Deux enjeux importants vont apparaître avec cette nouvelle donne pour les équipes produit et de développement.

Le premier enjeu est d’ordre économique et il pourrait s’avérer majeur : il s’agit ici de passer d’un modèle où le développement informatique coûtait cher en investissement de R&D (les équipes de développement expérimentées ayant vu leur coût se démultiplier ces dernières années avec l’essor des startups tech), mais peu en termes de coûts de fonctionnement (globalement des frais de hosting), à un modèle où le coût d’entrée sera plus faible, supporté par des acteurs majeurs de l’IA, mais qui repose sur un modèle de coût lié à l’usage.

Si l’on pousse le modèle, il s’agit donc de passer d’un développement informatique financé par de gros Capex jusqu’ici, à du développement beaucoup plus léger mais qui impliquera des Opex plus élevés dans la production. Or, ce pricing à l’usage (sur une base de requêtes call API) présente un risque important de perte de marge, et doit donc amener à une réflexion profonde sur les domaines dans lesquels utiliser les LLMs, et surtout comment optimiser leur usage au sein des tech stacks des entreprises. Il faudra éviter que les marges des éditeurs de logiciels partent vers les sociétés de GenAI, tout comme les marges des e-commerçants ont été décimées par les larges plateformes publicitaires en ligne.
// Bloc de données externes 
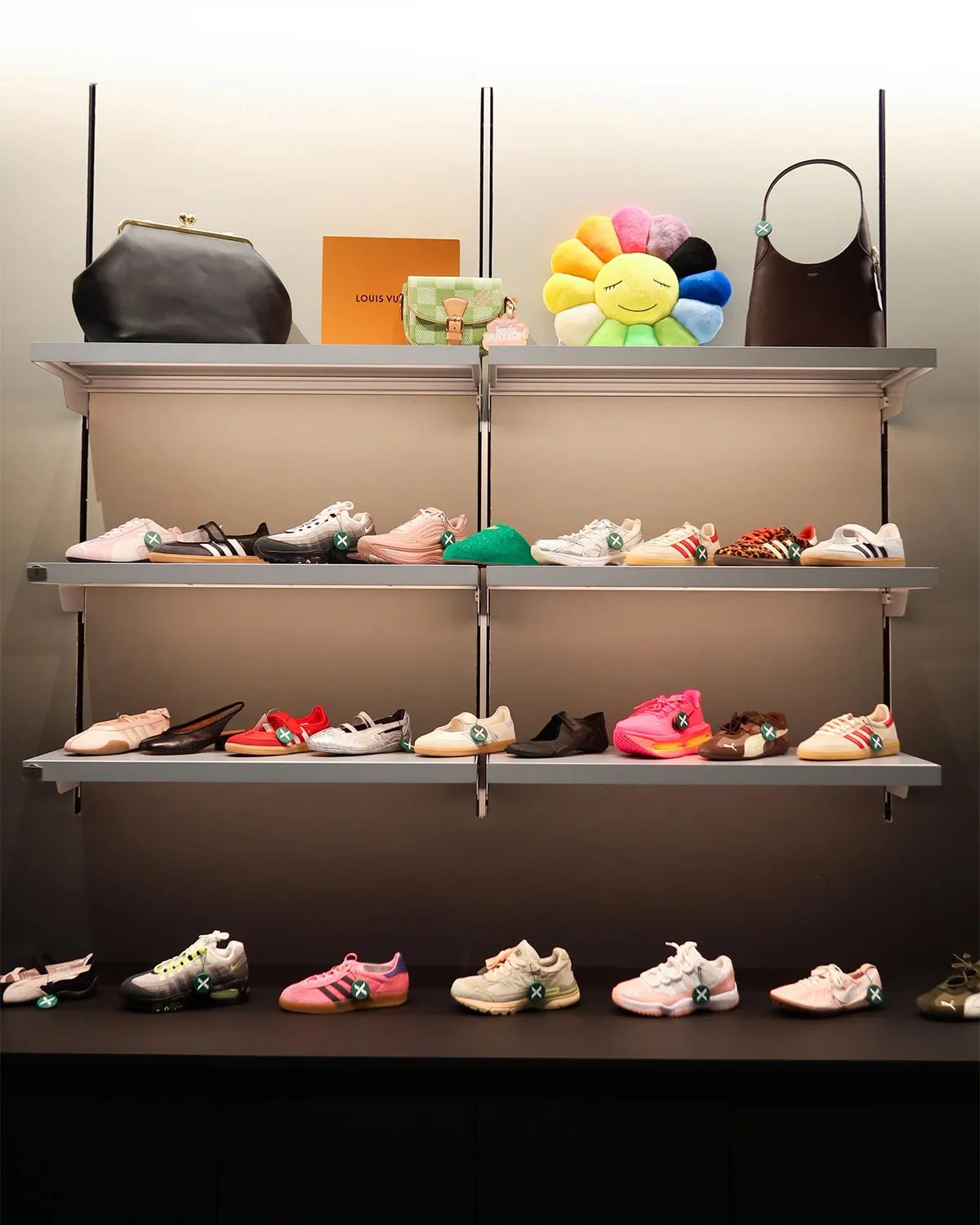 Interior view of StockX's renovated NYC flagship store in SoHo, displaying sneaker inventory and retail display fixtures - detail view 5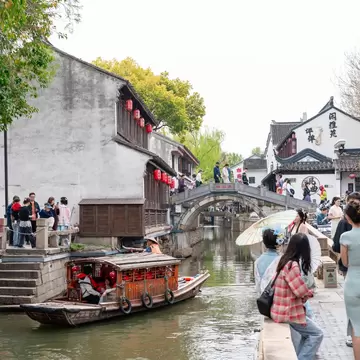 Suzhou, China - Apr 04, 2025; Crowds of tourists enjoying at Pingjiang road in Suzhou, China, License Type: media, Download Time: 2026-09-01T19:13:49.000Z, User: LP_NZhan, Editorial: true, purchase_order: 65050 - Digital Destinations and Articles, job: App Content, client: Lonely Planet App, other: Nadine Zhan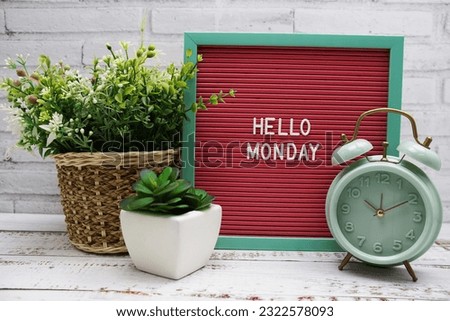 Hello Monday text on Letter Board with alarm clcok and artificial plant decoration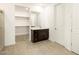 Modern bathroom with dark vanity and walk-in shower at 37034 W La Paz St, Maricopa, AZ 85138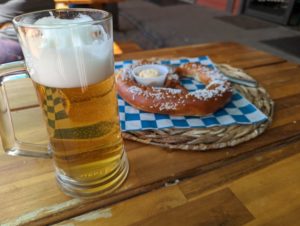 A tall glass of foamy, crisp Kolsch beer next to a large Bavarian style pretzel on a blue and white checkered paper. 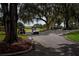 Golf carts driving on a picturesque road lined with mature trees and manicured lawns at 609 Fort Duquesna Dr, Sun City Center, FL 33573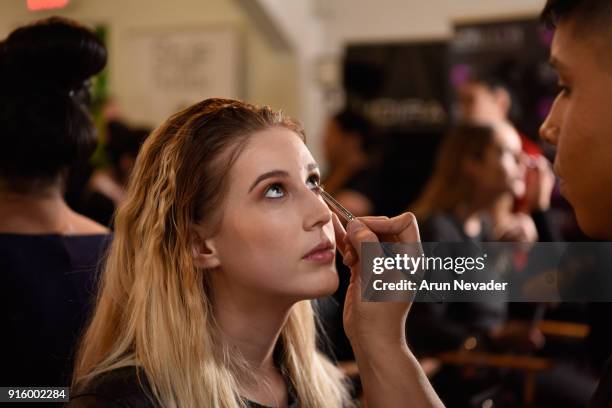 Model prepares backstage at New York Fashion Week Powered by Art Hearts Fashion NYFW at The Angel Orensanz Foundation on February 8, 2018 in New York...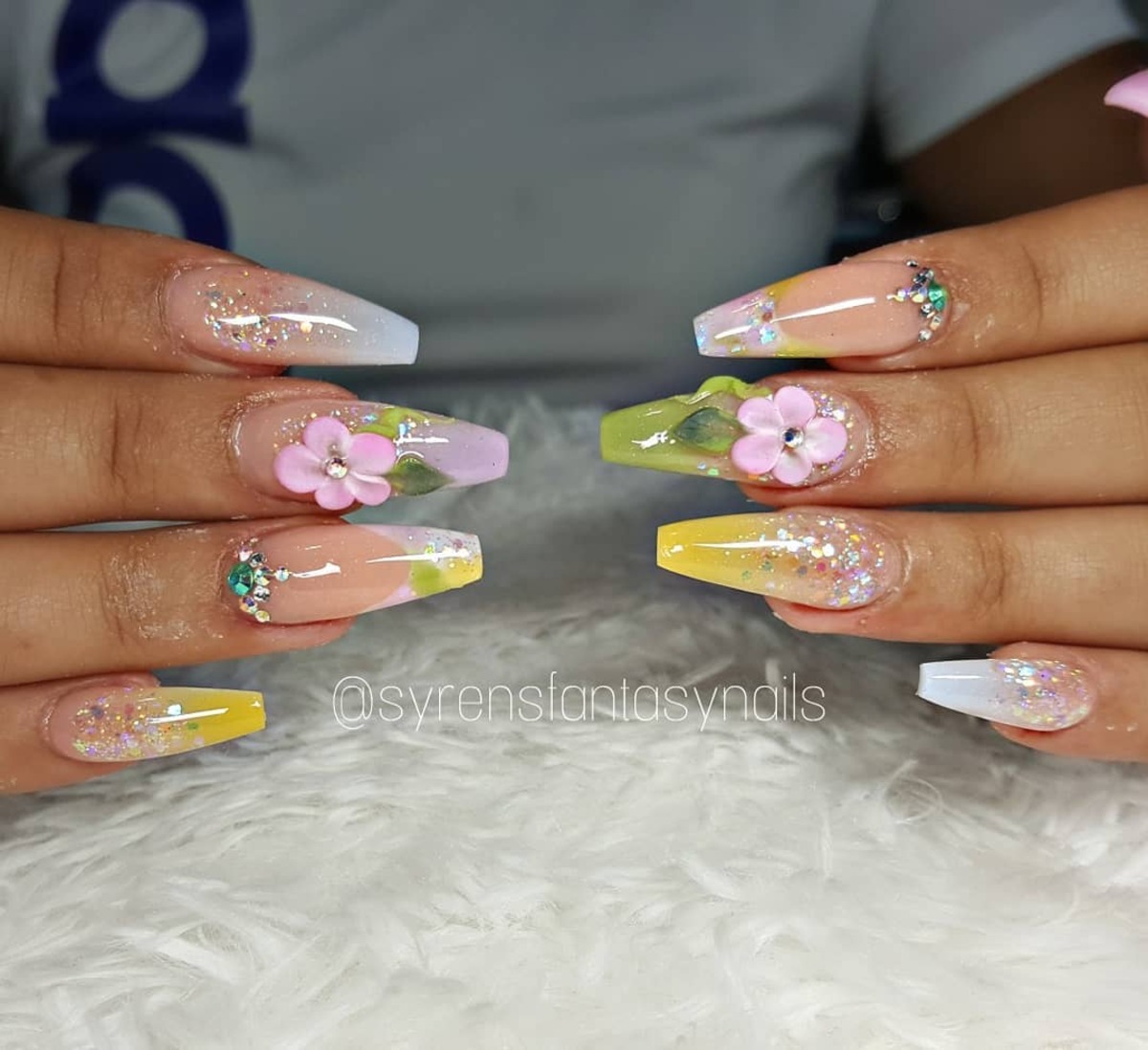 14. Dreamy Pastel Ombre Nails with Floral Accents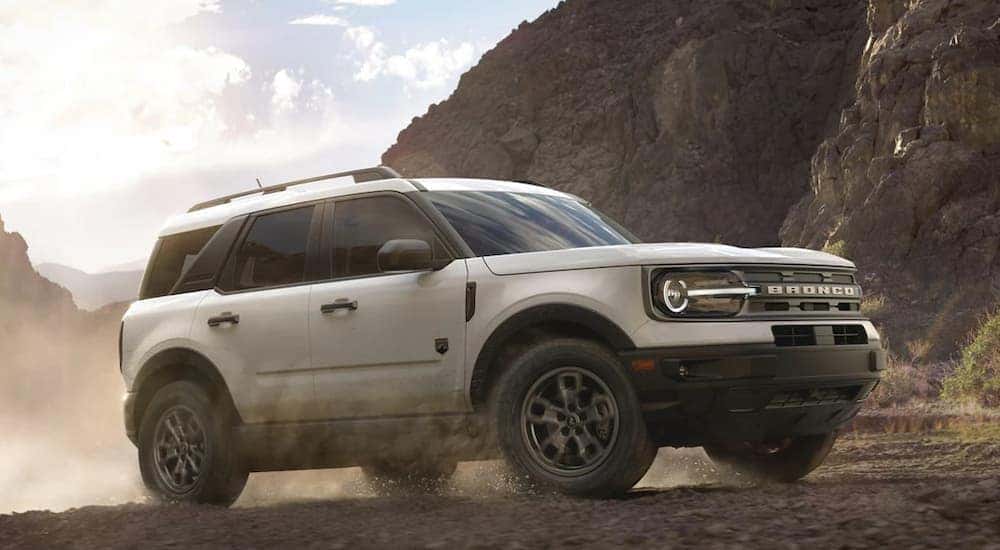 A silver 2022 Ford Bronco Sport Big Bend is shown from the side after leaving a dealer that has a Ford Bronco Sport for sale.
Le deuxième enjeu est un sujet de souveraineté et d’indépendance stratégique. Nous pourrions être actuellement face à un tournant dans l’histoire de la tech, en recréant dans le logiciel une véritable dépendance de l’ensemble du marché à une poignée de gros acteurs technologiques. La révolution en marche sur l’IA générative, dont les modèles actuellement les plus répandus comme celui d’OpenAI ressemblent massivement à des boîtes noires centralisées et contrôlées par des grands acteurs de la tech, va actuellement dans cette direction.

Néanmoins, et probablement à la lumière de l’expérience qui a mené à la domination des GAFAM dans le B2C, de plus en plus d’acteurs de la tech se prononcent aujourd’hui en faveur de modèles plus ouverts, open-source, et qui permettraient d’éviter à la fois une dépendance trop forte, mais aussi de garder la main sur la gestion des données et des usages de ces LLMs. On peut citer la société Mistral.ai, dont la levée a fait les gros titres il y a quelques semaines, fondée par des anciens de Google et Meta, et dont l’ambition est justement de proposer un modèle ouvert et distribué, pour redonner le contrôle aux entreprises utilisatrices, et éviter ce fameux effet centralisateur.

L’IA générative va définitivement révolutionner le monde de la tech, notamment, en rendant accessible au plus grand nombre les capacités de développement informatique et en modifiant structurellement certains marchés. Nous sommes au début d’une nouvelle ère. En faisant le parallèle avec l’internet et l’internet mobile qui ont permis l’essor des modèles SaaS, eux-mêmes à l’origine des grandes révolutions dans le B2B ces dernières années, il est difficile de prévoir précisément quels seront les effets sur nos écosystèmes au sens large. Une chose est sûre : ne pas embrasser totalement ce changement de paradigme, c’est non seulement prendre le risque de rester à l’écart du progrès, mais aussi prendre le risque de perdre toute pertinence à l’avenir.